En nuestro país, en este país de nuestros días, ya se observan atisbos de este principio que se cumple sin atenuantes. Hace pocos días, en la ciudad de Santa Fe, un señor que ha logrado hacerse de una considerable fortuna en los últimos años, manifestaba al autor de esta reflexión que tal como estaba la situación había desistido de adquirir autos de lujo y el que tenía lo mimetizaba con mugre, “para no llamar la atención”.
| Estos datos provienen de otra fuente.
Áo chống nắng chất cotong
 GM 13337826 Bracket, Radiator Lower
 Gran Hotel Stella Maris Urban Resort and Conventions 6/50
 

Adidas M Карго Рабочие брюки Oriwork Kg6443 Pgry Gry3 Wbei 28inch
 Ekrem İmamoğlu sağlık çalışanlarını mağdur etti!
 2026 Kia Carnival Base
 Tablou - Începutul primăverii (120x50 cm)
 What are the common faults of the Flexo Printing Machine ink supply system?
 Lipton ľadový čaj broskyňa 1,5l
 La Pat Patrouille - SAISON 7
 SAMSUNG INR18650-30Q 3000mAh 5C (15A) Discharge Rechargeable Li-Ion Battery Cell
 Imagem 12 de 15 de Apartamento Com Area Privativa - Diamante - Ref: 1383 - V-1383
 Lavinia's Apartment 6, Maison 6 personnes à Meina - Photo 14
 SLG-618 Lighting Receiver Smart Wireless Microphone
En la ciudad de Buenos Aires, algunos empresarios han comenzado a viajar hacia sus empresas con automóviles viejos y otros se ven en la necesidad de recluirse por temor. A mayor fortuna, mayor miedo a andar por la vida urbana. Estas son las consecuencias de la evolución de unos pocos, mientras gran parte involuciona.
La liberación de la carencia económica y hegemonía de un reducido grupo social, a costa de la violencia moral y la pobreza ejercida sobre el resto, trajo como consecuencia, siempre, más tarde o más temprano, una reacción que fue violenta en lo físico. No fue casual en América latina el movimiento guerrillero. No fue casual la Revolución Francesa, ni la rusa, ni la irrupción del castrismo en Cuba, sólo por citar algunos movimientos sociales revolucionarios cruentos.
Tampoco es casual en nuestros días la cifra alarmante de asesinatos (unos 3.500 o más al año) que se producen en nuestro país por causa del delito común (robo). Y si una buena parte de la población aún no se ha levantado en protestas airadas y masivas, ello se debe a dos razones: el estado de resignación y anestesia en el que se encuentra, y la ausencia de un líder, un estadista confiable y admirado que la movilice.
Claro que ojalá la movilización violenta jamás suceda, porque la solución de los conflictos y la reivindicación de los derechos por vía de la violencia no es lo adecuado (además no siempre las revoluciones mejoraron el contexto social), pero ¿qué les sucedería a los individualistas redimidos si algo por el estilo sucediera? Pues pagarían de inmediato, como pagan hoy algunos sectores en Venezuela, para no ir tan lejos en el tiempo. ¿Hay garantía de vida propia y plena, individual y sectorial, en una sociedad que desfallece? Tal vez por un tiempo, pero nada más.